While Java has suffered from unrealistic expectations, it is now the undisputed king of enterprise and Web programming languages. While some shops still use C++ for heavy lifting, most rely heavily on Java. And aside from a general move toward scripting languages, I don’t see a viable competitor for Java for some time. This means more royalties from JVM, which has been a minor revenue stream until now.
While Java never quite lived up to its write-once, run-anywhere hype, it is supremely portable in another sense. With the emphasis on time-to-market and programming speed, shops rely more and more on reusable components like Java Beans to quickly get programs up and running. And Java is platform-independent in another sense: It is ideally suited as a middleware language because of its ability to weld applications between many platforms and architectures. Add to this the relative ease of learning the language, and it becomes the language of choice in shops that rely on some custom applications for mission-critical functions.
One of Sun’s weaknesses over the years has been a reliance on just two market segments-the high-end server and workstation markets. While it is hard to beat in data centers and high-volume e-business infrastructure, the lack of available Solaris talent scared midsized companies away; the total cost of ownership was affected as much by the high cost of Sun’s products as by the high cost of talent to work with them.
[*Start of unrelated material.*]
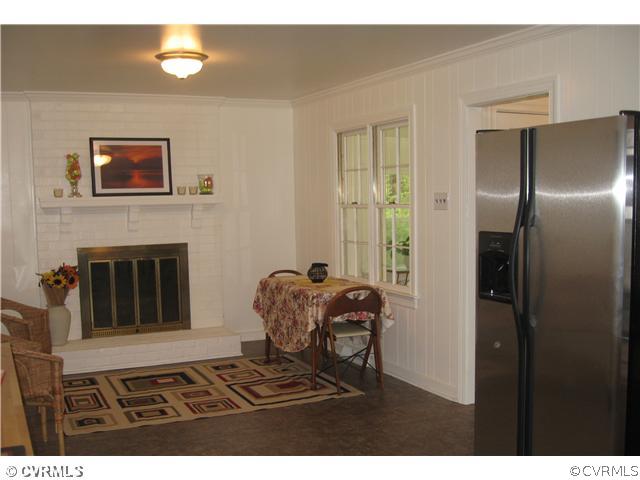 11238 Hanover Courthouse Road Mechanicsville, VA 23116 - Photo 4 of 12 a living room with furniture and a fireplace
Because most of the growth in IT can be found in small-to-midsized companies, Sun has been a relatively slow-growing company, at least until the data-center building boom. But as techies are becoming more Linux- and Unix-savvy, talent is less of an issue. And Sun has also addressed its low-end offerings, making midsized growth companies a better fit for its products.
The result is a faster-growing company that also has high margins on the high end, and a good long-term future with Java. With companies like Sun in the CU fund, I’m confident I’ll see a 20 percent return during 2001’s lean times.